Mais avant d'assister à la dernière étape de cette métamorphose, il va d'abord falloir réchauffer l'ambiance glaciale qui règne dans le cockpit, entre l'aventurière et son sempiternel compagnon Jonah, qui semble enfin prendre dans Shadow of the Tomb Raider un brin d'épaisseur. Il était plus que temps. Ce qui frappe en premier dans cette scène, ce sont les expressions du visage qui s'avèrent être d'une saisissante justesse. Sur Xbox One X, les intentions transparaissent parfaitement avant même la prise de parole, et l'on découvre ainsi une Lara a priori fautive, puisque désireuse de renouer le dialogue.

Welcome to the jungle

Mais désir de bousculer la narration oblige, un flashback vient mettre temporairement fin au rabibochage, pour nous renvoyer à la séquence d'introduction dont nous vous avons déjà parlé ici (en hands-off) et (en hands-on), et sur laquelle nous ne nous attarderons évidemment pas plus longtemps. Retour dans l'avion qui abrite nos deux explorateurs pour finalement voir ce dernier s'écraser comme il se doit en pleine jungle, une facilité scénaristique qui permet en plus de cocher la case du film d'action plein d'explosions de voir Lara perdre tout son équipement, et de se retrouver métaphoriquement à poil en pleine jungle.

Et si l'attention se focalise bien vite sur la caisse qui vous permettra de retrouver une partie de votre attirail, le décor environnant détourne bien vite l'attention, tant la promesse d'une jungle organique est plus que tenue.

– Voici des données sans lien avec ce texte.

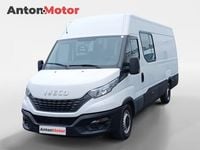 Usado Iveco Daily 136 CV (100 kW) 2021 Blanco Berlina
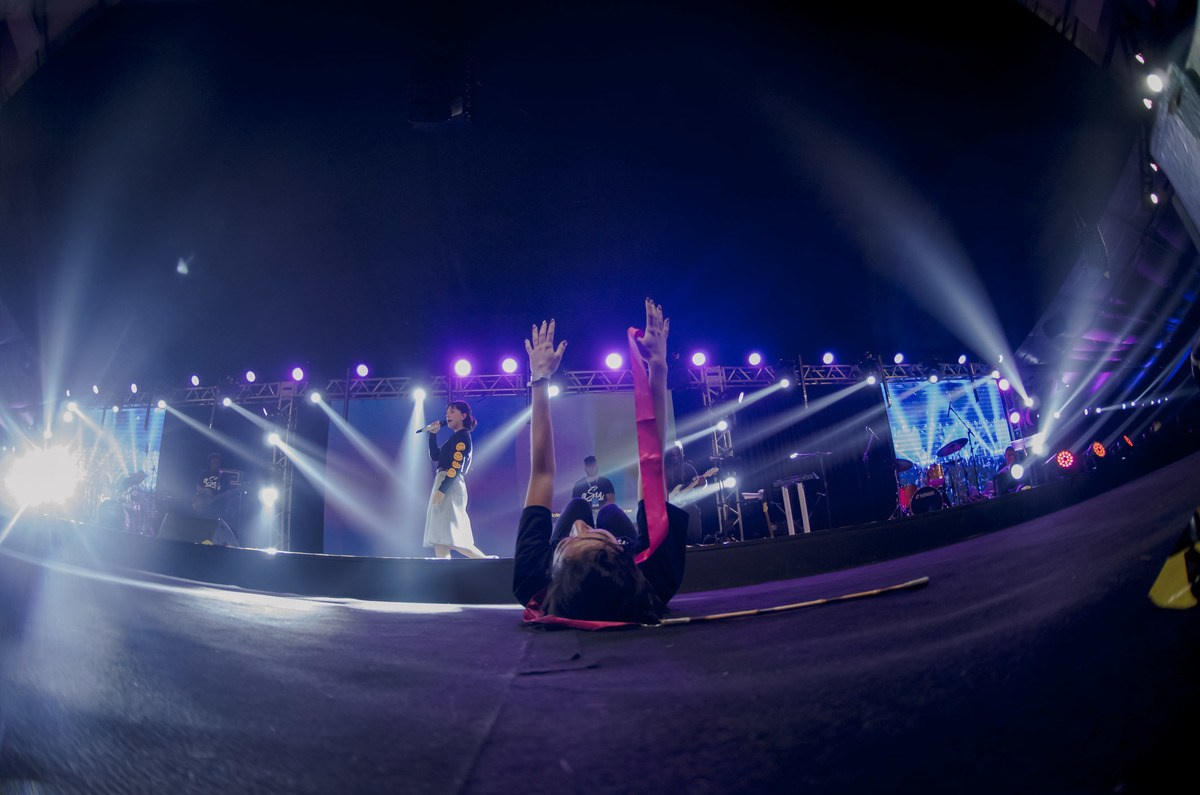 ASU Tour RJ. Fotógrafa de Eventos em São Paulo e Sorocaba Kika Damasceno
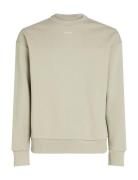 Calvin Klein Nano Logo Sweatshirt Khaki Green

Des oiseaux multicolores aux grenouilles psychédéliques (que l'on ne peut malheureusement pas lécher) en passant par des... lapins (à moins qu'il ne s'agisse de tapetis ou de viscaches ? mystère...), la faune que vous pourrez croiser grouille de vie, même si les balles traversent malheureusement certaines espèces et pas d'autres. Oui, nous avons tout essayé. Celui qui ne rigole pas, en revanche, c'est le puma qui fait choir à vos pieds la partie supérieure d'un cadavre dont nous tairons le nom : Shadow of the Tomb Raider opère alors un dézoom qui illustre en quelques secondes la variété des espèces contre lesquelles il va vous falloir lutter avec acharnement. L'effet est saisissant.

Tomb Raideur

Et que vous soyez pacifiste ou anti-spéciste, il faudra quoi qu'il arrive chasser cette faune environnante, ne serait-ce que pour récolter quelques matériaux indispensables au crafting, qui occupe encore beaucoup trop de temps de jeu, puisqu'il faudra une fois de plus fouiller inlassablement les moindres recoins de ce petit bout de jungle péruvienne pour ne pas se fader longtemps l'équipement de base. Le feu de camp permet de découvrir, forcément pré-colombien, l'arc de compétence de ce troisième épisode qui n'a semble-t-il pas énormément subi de modifications. Découpé en trois catégories : chercheuse, guerrière et survivante, il laisse en revanche apercevoir un bonus qui ravira les fans aux tempes grisonnantes de Lara Croft, puisque les skins de Tomb Raider II et d'Angel of Darkness pourront être équipées comme n'importe quelle pièce d'équipement. 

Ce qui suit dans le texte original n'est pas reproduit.